* **Work instruction**
Pictures aside, copy exactly each line from the one that holds "Fragment of an amulet inlay. Head missing" through the last line of the records below.

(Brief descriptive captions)

------------------------

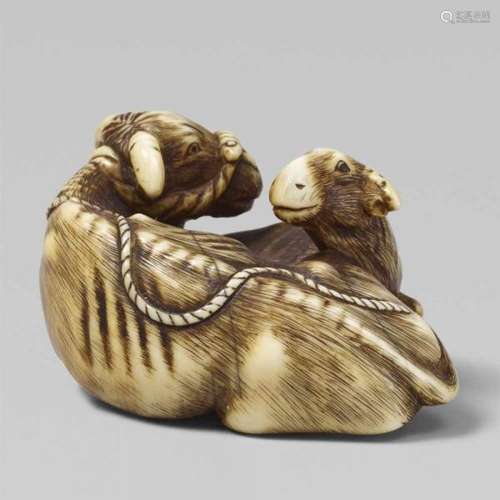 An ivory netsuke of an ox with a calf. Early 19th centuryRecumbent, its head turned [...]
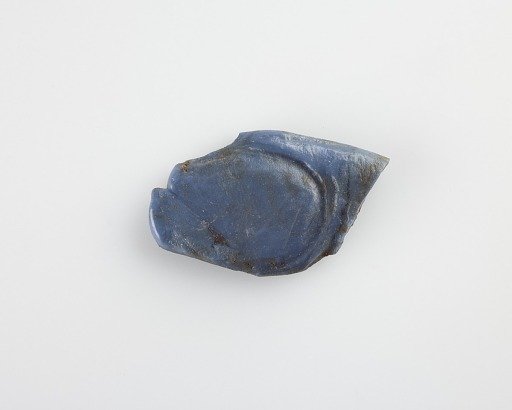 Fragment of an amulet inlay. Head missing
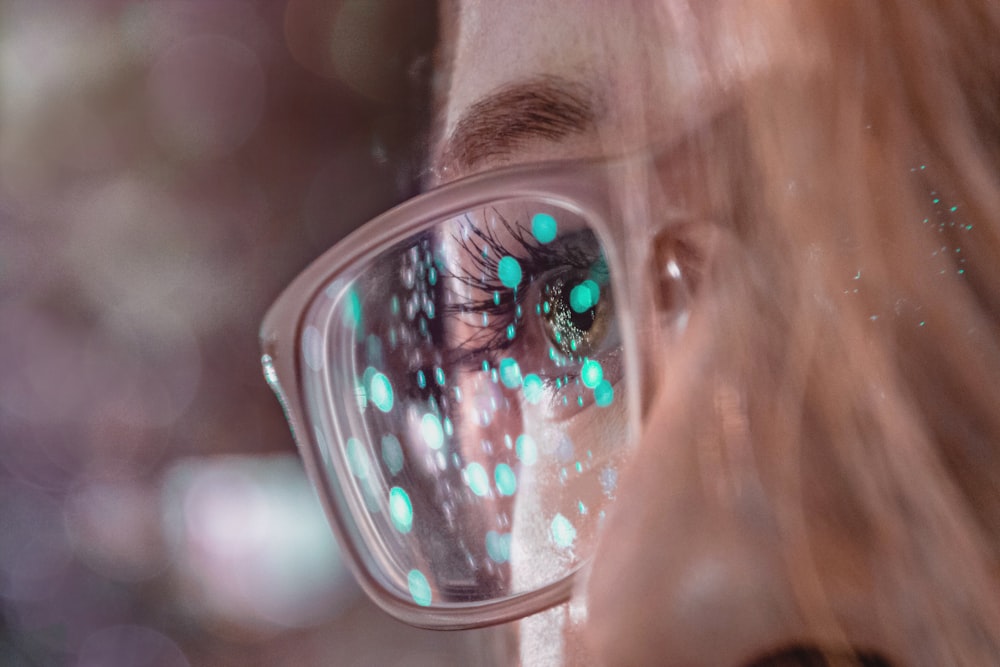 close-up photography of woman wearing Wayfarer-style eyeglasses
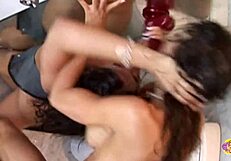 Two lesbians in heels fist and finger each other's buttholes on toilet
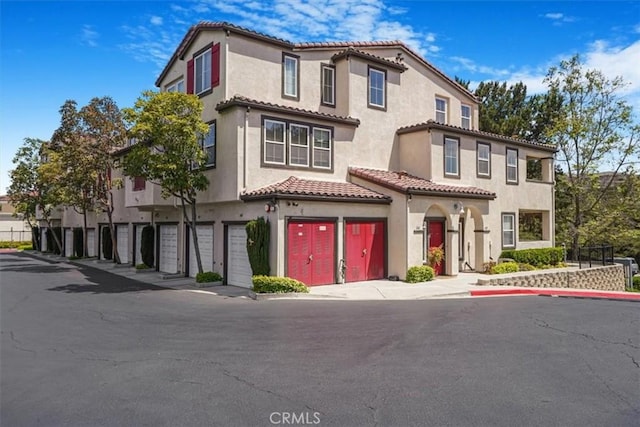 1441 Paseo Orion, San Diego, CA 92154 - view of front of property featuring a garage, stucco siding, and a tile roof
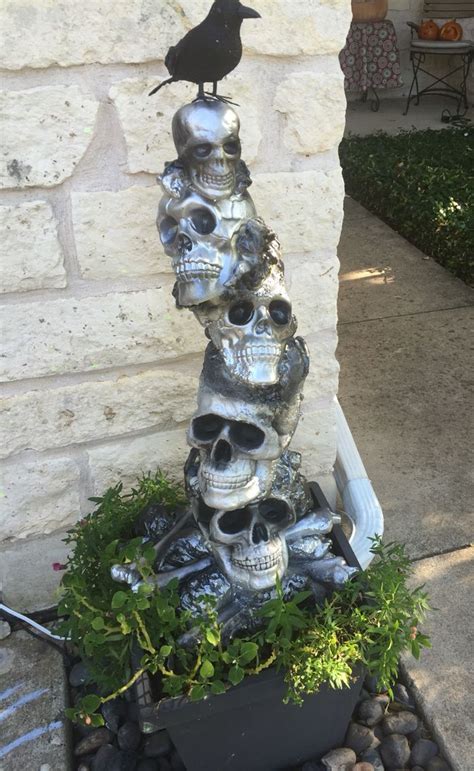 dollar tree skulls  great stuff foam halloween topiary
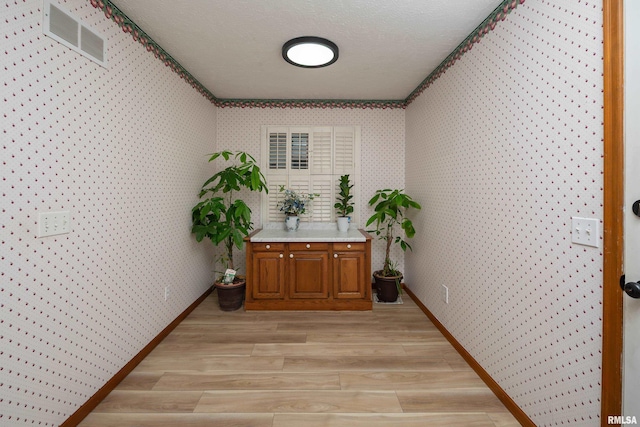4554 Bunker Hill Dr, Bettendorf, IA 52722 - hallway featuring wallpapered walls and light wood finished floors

------------------------

* **Answer section**
 Fragment of an amulet inlay. Head missing
 close-up photography of woman wearing Wayfarer-style eyeglasses
 Two lesbians in heels fist and finger each other's buttholes on toilet
 1441 Paseo Orion, San Diego, CA 92154 - view of front of property featuring a garage, stucco siding, and a tile roof
 dollar tree skulls  great stuff foam halloween topiary
4554 Bunker Hill Dr, Bettendorf, IA 52722 - hallway featuring wallpapered walls and light wood finished floors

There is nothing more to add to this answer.